The lease that Whole Foods signed with "Bellevue Square LLC" in 2015 required the grocery chain to carry on business "without interruption" for the first 10 years of the contract. But Whole Foods moved quickly in October to close down that 365 store, neglecting its obligations and citing "site challenges" and underperformance.

Kevin Johnson, CEO of Starbucks at the opening of the Starbucks Reserve Roastery in Shanghai, China on Dec. 5th, 2017.
Justin Solomon | CNBC

The Washington court documents read: "On October 12, 2017, Whole Foods informed its customers via email that it intended to vacate the Leased Premises on October 14, 2017. This is how Bellevue Square learned of the closure."

The landlord added it was personally notified by Whole Foods about the store closing only 15 minutes before the grocery chain kicked off its final liquidation sale.

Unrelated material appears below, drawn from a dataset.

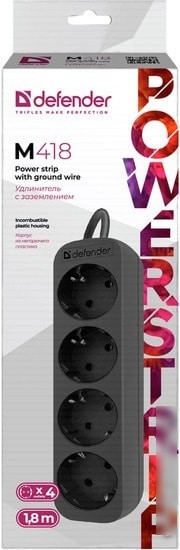 Удлинитель Defender M418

Now, though, the company is being ordered to reopen in Bellevue.

A representative from Whole Foods didn't immediately respond to CNBC's request for comment.

While these kinds of disputes between a tenant and a landlord aren't unusual, they don't typically reach a court and are commonly settled with a big cash payment from the fleeing retailer or other occupant.

"Often in this context the parties will negotiate a mutually acceptable restructuring of the lease obligations, or a consensual lease termination, since a tenant whose business is not fully focused on growth and success, and whose brand is not a positive contributor to sales and traffic, is not in the interest of the landlord or other tenants," Andy Dunn, a partner in Gibson, Dunn & Crutcher's Real Estate Practice Group in New York, told CNBC.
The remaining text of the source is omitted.